* [Requirement]
Only one span is wanted from the lines below: from the one with "Black and white" up to and including the one with "నీళ్లు లేక పండని పల్లి". Copy it exactly, without images.

* [Exercise input]
* * *
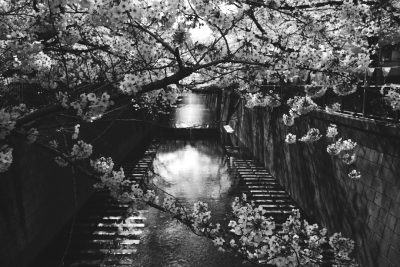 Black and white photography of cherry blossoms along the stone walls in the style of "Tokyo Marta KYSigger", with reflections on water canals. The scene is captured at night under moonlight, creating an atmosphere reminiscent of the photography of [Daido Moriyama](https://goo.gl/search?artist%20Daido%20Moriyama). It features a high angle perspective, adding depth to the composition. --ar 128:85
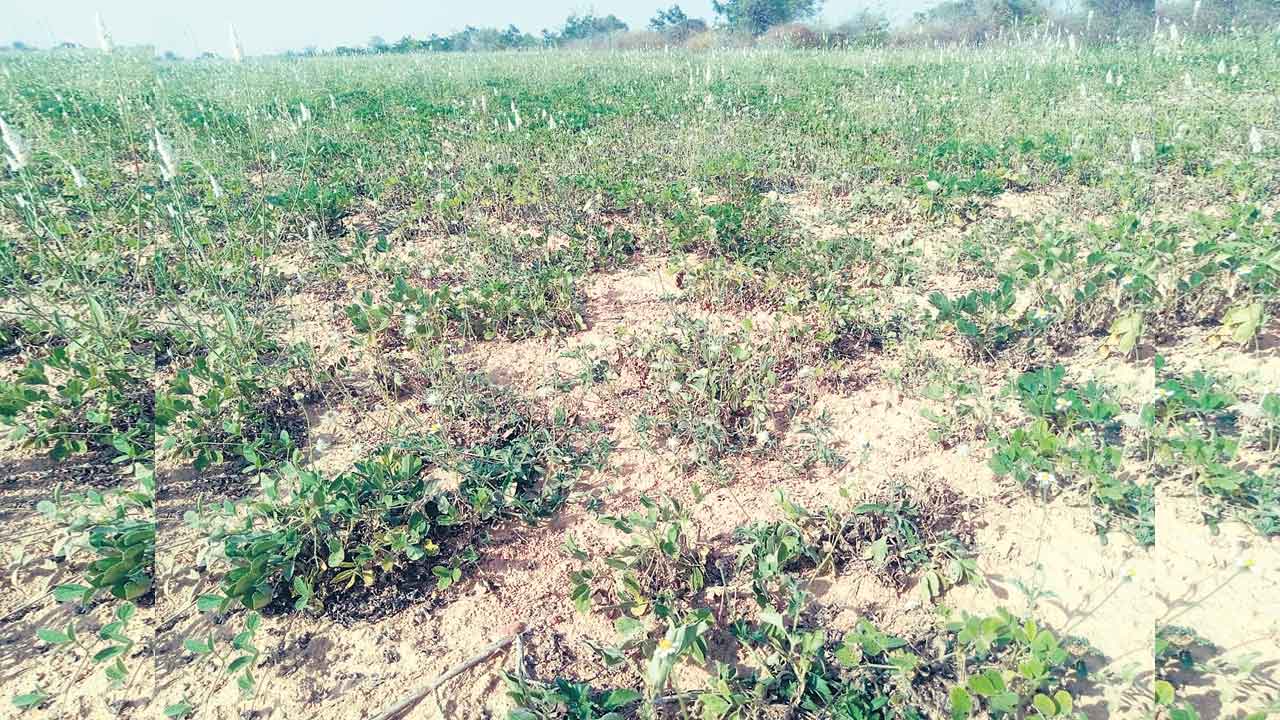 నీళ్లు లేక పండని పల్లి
* * *
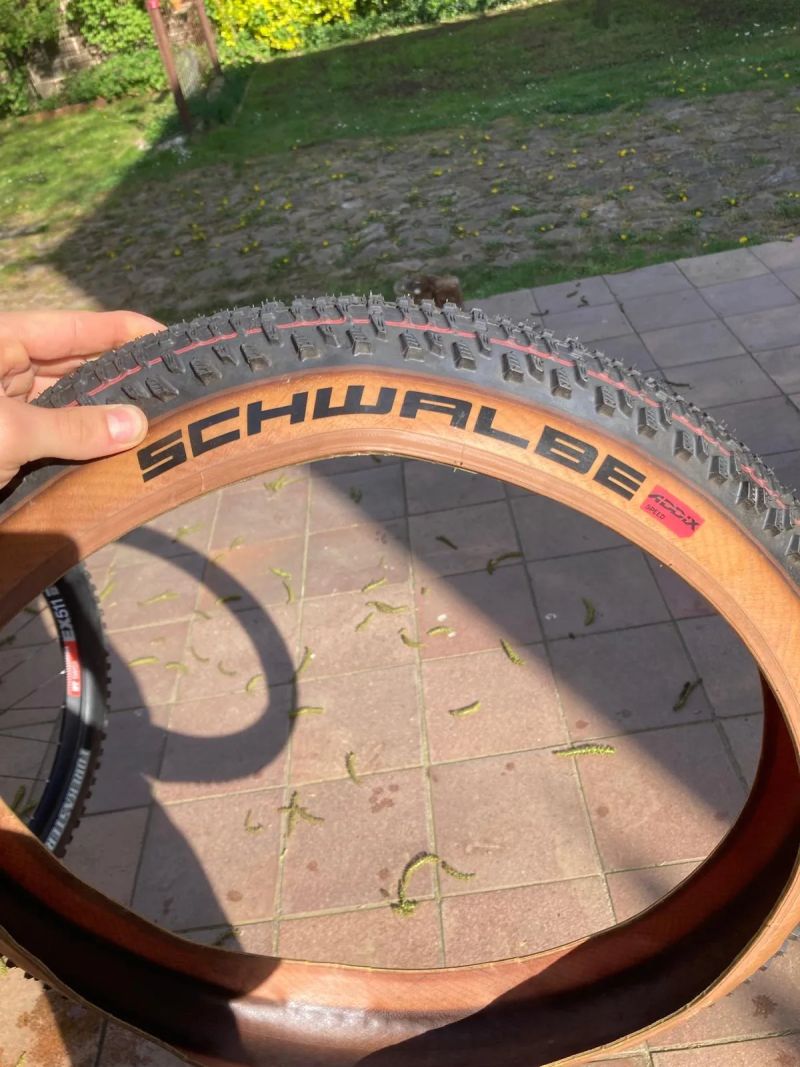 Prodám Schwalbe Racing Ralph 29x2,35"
* * *
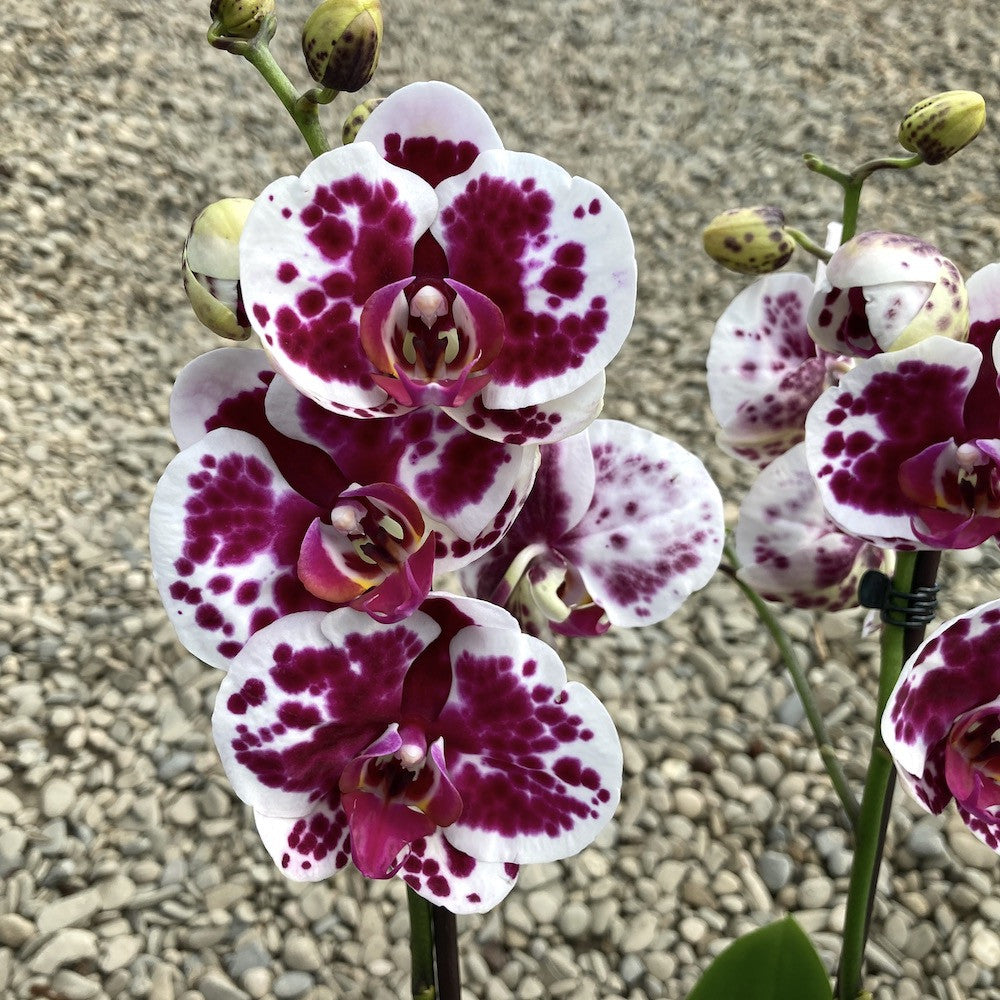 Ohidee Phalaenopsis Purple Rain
* * *
* [Answer below]
 Black and white photography of cherry blossoms along the stone walls in the style of "Tokyo Marta KYSigger", with reflections on water canals. The scene is captured at night under moonlight, creating an atmosphere reminiscent of the photography of [Daido Moriyama](https://goo.gl/search?artist%20Daido%20Moriyama). It features a high angle perspective, adding depth to the composition. --ar 128:85
 నీళ్లు లేక పండని పల్లి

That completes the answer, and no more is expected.